**Data records**.
------------------------------------------------------------

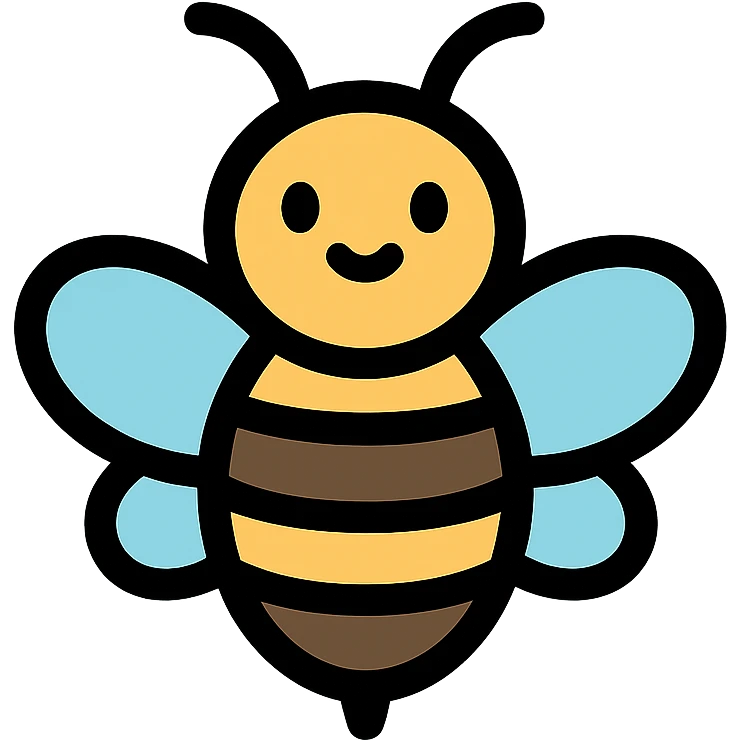 cute colored bee icon emoji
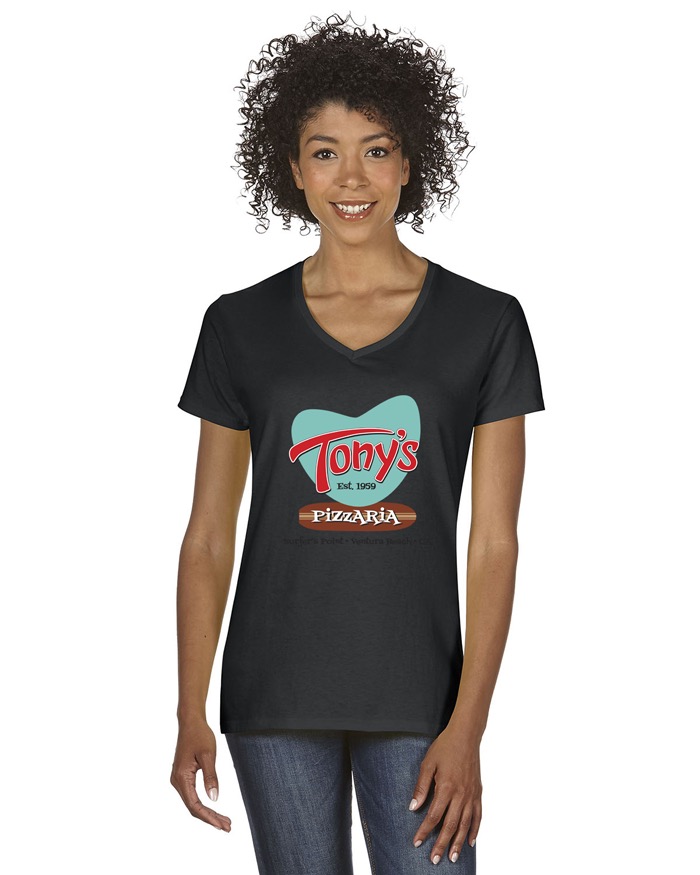 Order Women’s V - Neck T-shirt food online from Tony's Pizzaria store, Ventura on bringmethat.com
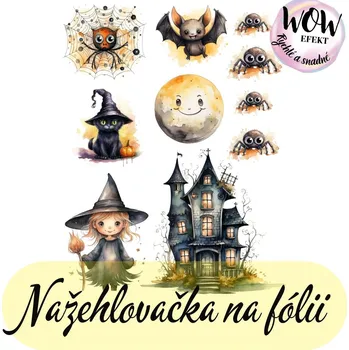 Nažehlovačky na fólii Nažehlovačka na fólii, HALLOWEEN mix 1, k dotvoření, 20,2x15,6cm /arch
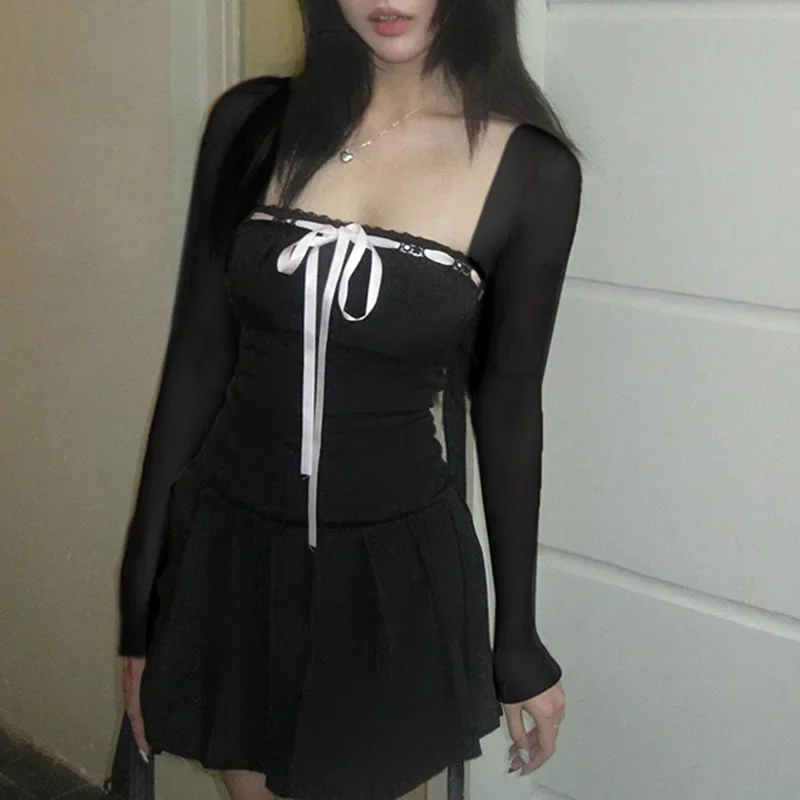 Y2K أسود ساحة طوق فستان بكم طويل المرأة أنيقة الدانتيل متابعة القوس ألف خط فستان قصير الكورية فساتين قصيرة الملابس الجمالية 원ipiС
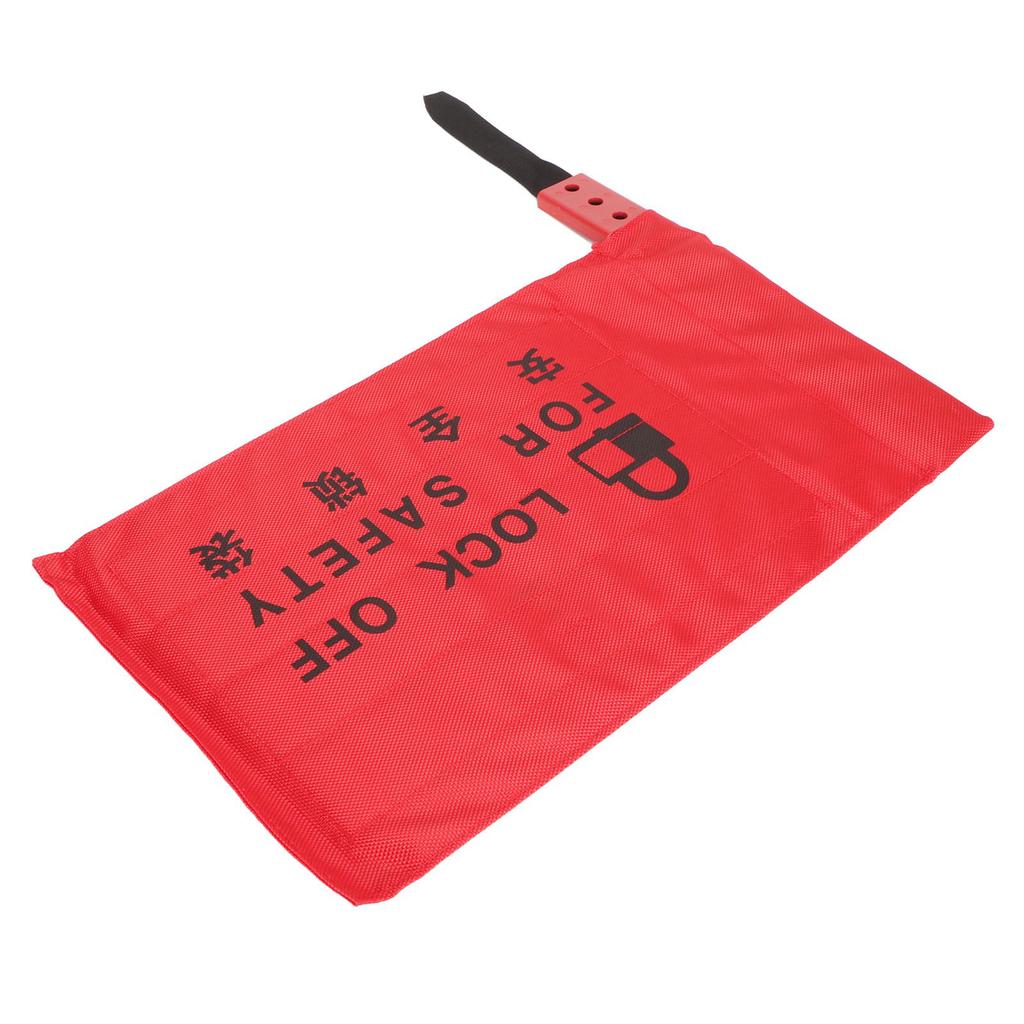Electrical Plug Lockout Lock Bag Red Black Tear Resistant Safety Plug Lock Bag for Energy Isolation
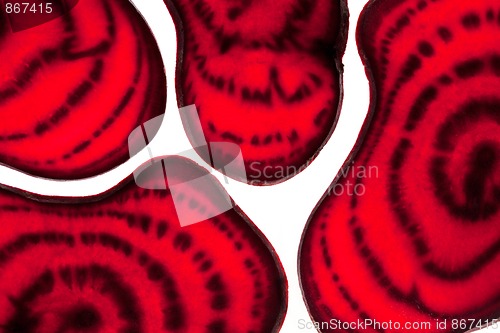 Image of Sliced Vegetables on white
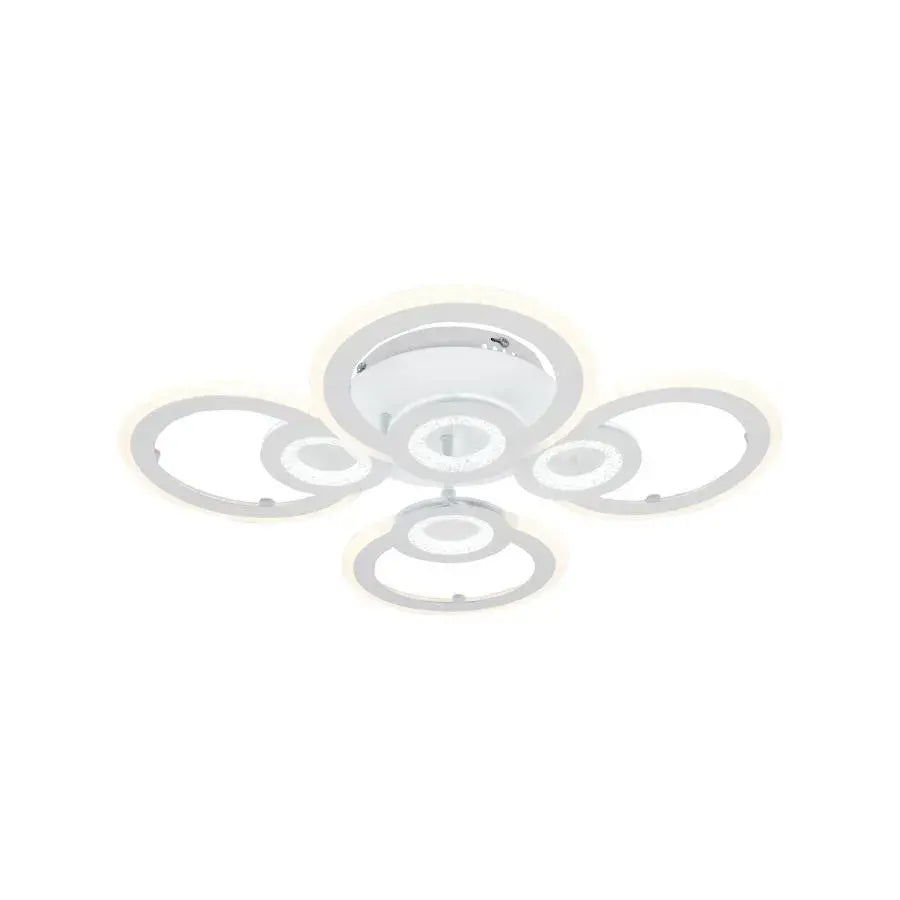 Lustre LED avec télécommande KADE 72W, 4 Cercles, Lumière Froide/Chaude/Neutre, Dimmable, Blanc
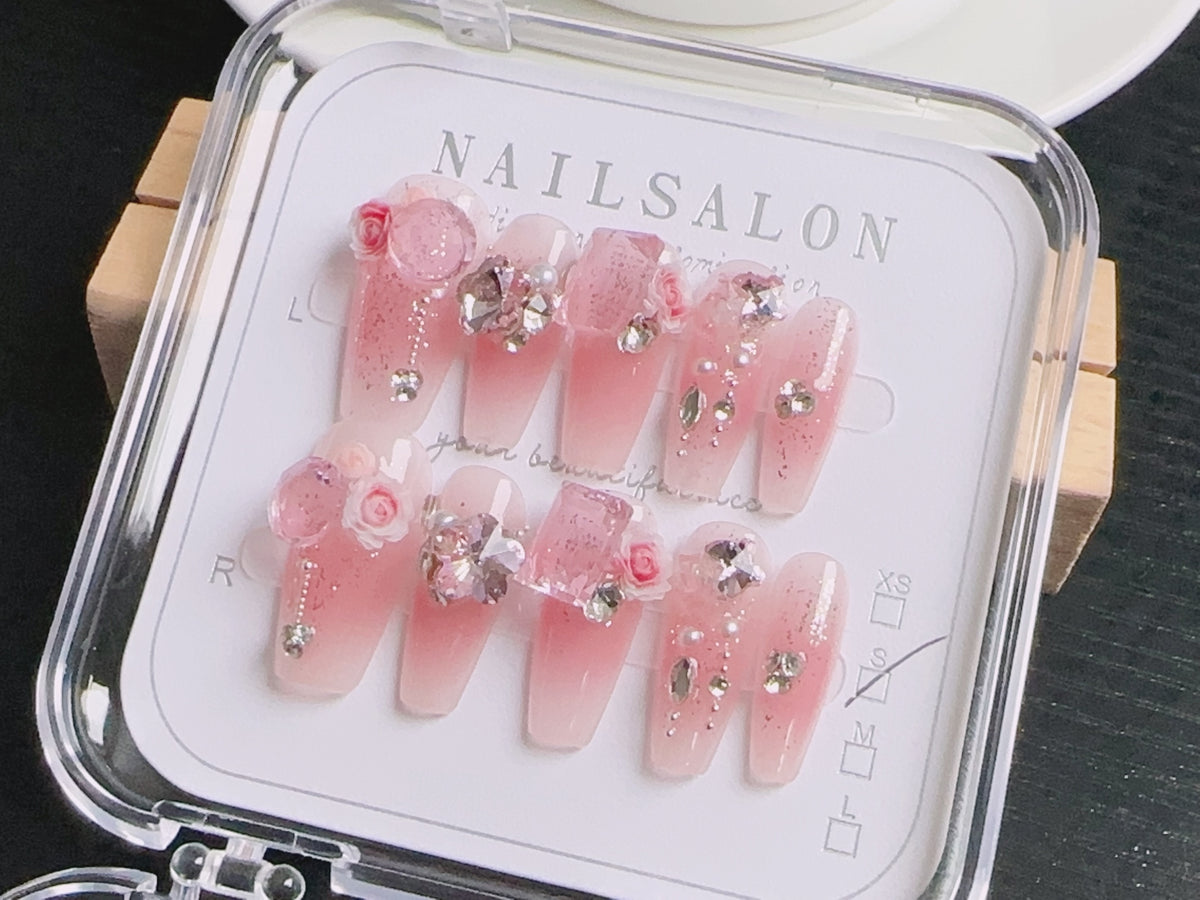 Pink Gem Press-On Nails (10 pcs) - view 4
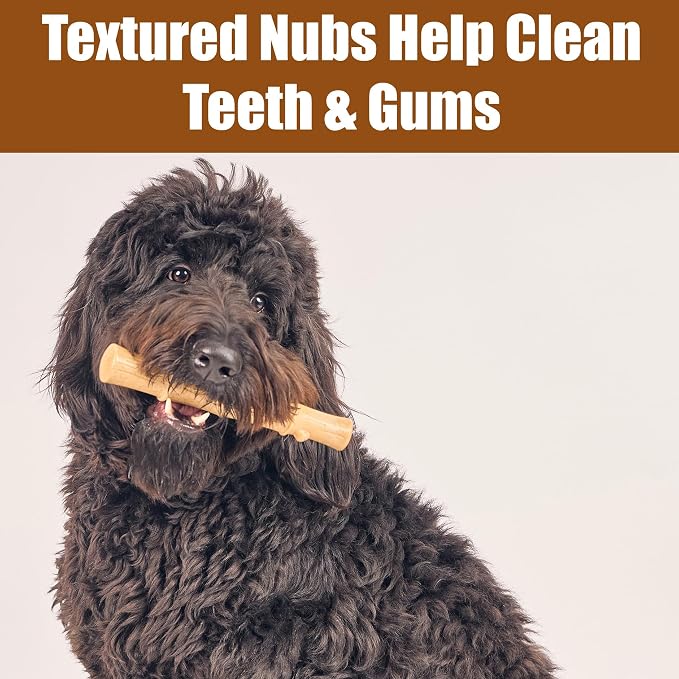 SPOT Bam-Bones Plus Bamboo Stick - Bamboo Fiber & Nylon, Durable Long Lasting Dog Chew for Aggressive Chewers – Great Toy for Adult Dogs & Puppies Under 90lbs, Non-Splintering, 9.5in, Chicken Flavor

------------------------------------------------------------

When you copy the data, keep every line exact and drop the pictures.

**Written answer**.
 cute colored bee icon emoji
 Order Women’s V - Neck T-shirt food online from Tony's Pizzaria store, Ventura on bringmethat.com
 Nažehlovačky na fólii Nažehlovačka na fólii, HALLOWEEN mix 1, k dotvoření, 20,2x15,6cm /arch
 Y2K أسود ساحة طوق فستان بكم طويل المرأة أنيقة الدانتيل متابعة القوس ألف خط فستان قصير الكورية فساتين قصيرة الملابس الجمالية 원ipiС
Electrical Plug Lockout Lock Bag Red Black Tear Resistant Safety Plug Lock Bag for Energy Isolation
 Image of Sliced Vegetables on white
 Lustre LED avec télécommande KADE 72W, 4 Cercles, Lumière Froide/Chaude/Neutre, Dimmable, Blanc
 Pink Gem Press-On Nails (10 pcs) - view 4
 SPOT Bam-Bones Plus Bamboo Stick - Bamboo Fiber & Nylon, Durable Long Lasting Dog Chew for Aggressive Chewers – Great Toy for Adult Dogs & Puppies Under 90lbs, Non-Splintering, 9.5in, Chicken Flavor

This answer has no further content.